Thankfully, I’d had a few weeks to recovery from the delivery — much easier the second time — and adjust to chasing a toddler while carrying a newborn. My mom and in-laws were supportive and helpful, giving me time to rest, play with Henry or catch up on household chores. I appreciated hearing them goo-goo and ga-ga from another room in my house.
And then COVID-19 hit.
At first, I was one of the many people who thought it wasn’t worse than the flu. But then Seattle and New York saw skyrocketing cases, deaths and despair. The City of Columbia issued its stay-at-home order followed by the state of Missouri. My mom left frantically, worried that domestic flights would be canceled. “Quarantine” and “social distancing” were not part of my carefully constructed maternity leave plan. Instead, we had to decide if we would still visit with my in-laws or take our toddler to daycare to maintain his normal routine.
At the bottom of the list: How would I take care of myself? So much for the long-awaited mimosas and brunch at the Meriwether Café in Rocheport. Jackson and I couldn’t meet other moms with newborns with the library shut down. I couldn’t treat myself to coffee with a friend when Lakota wasn’t allowed to let people dine in.

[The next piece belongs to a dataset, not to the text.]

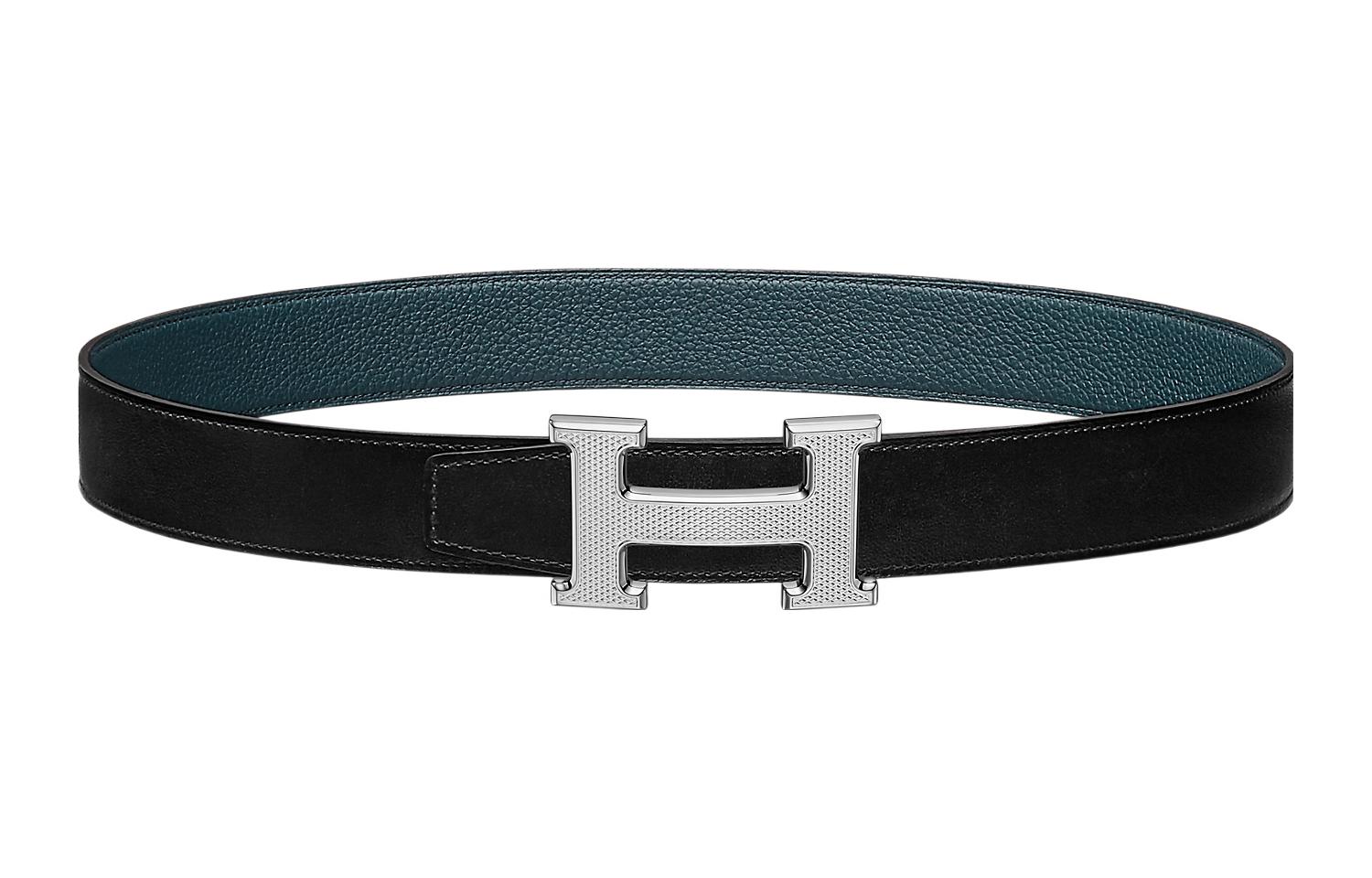 (Women) HERMES Reversible Togo Leather Belt Black with Silver Buckle 32cm H064540CK05-H073967CAAD085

Maternity leave was turning out worse the second time around.
After leaving my postpartum check-up — I bombed the anxiety test and requested an IUD because I wanted to avoid a third maternity leave — I knew I needed a new plan or I would feel like I was failing motherhood again. But what could I do during a pandemic that had shut down the entire country?

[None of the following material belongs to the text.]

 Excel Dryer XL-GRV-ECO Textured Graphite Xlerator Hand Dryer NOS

I’m a list-maker, so naturally, I started one. I asked my husband to help me find time to exercise. I requested family walks when the weather was nice. I relied on text messages and video chats to friends and family just to see a new face and hear a new voice. We took car rides around town and held dance parties in our living room. Still, I needed something more to keep myself sane.
I knew returning to work was an option and wanted to try part-time. Since everyone was stuck in their house during stay-at-home orders, I kept thinking I could work from home, feel a sense of accomplishment and get paid in the hours I wasn’t wiping spit-up off my floors or changing my shirt. It also granted me the opportunity to talk with other adults. From my perspective, it was a win-win situation and certainly helped me mentally.
Staying optimistic was a saving grace for me. I tried to identify a few things each day I was grateful for: a sunny day, a hot shower uninterrupted by baby cries, a grocery story that actually had toilet paper in stock.
I also found that being stuck at home with my husband and newborn brought us closer. While he worked from home, he had a first-hand glimpse into how difficult it can be to care for a colicky newborn 24 hours a day. Life at home wasn’t just reruns of “The Office” or sleeping when the baby slept. Him being home also allowed me some extra time for self-care, which I desperately desired. Whether it was an additional five minutes to finish folding laundry or a 30-minute reprieve to read the next chapter in my novel, he tried to give me breaks to help maintain my mental health.
Looking back, the last three months haven’t been easy. We’ve been challenged, but I am happy we’ve bonded as a family and I am grateful for our health and financial stability. And as we learn what life will look like after this pandemic, I hope one day we’ll laugh as we read Jackson’s baby book, reminiscing what life was like during quarantine.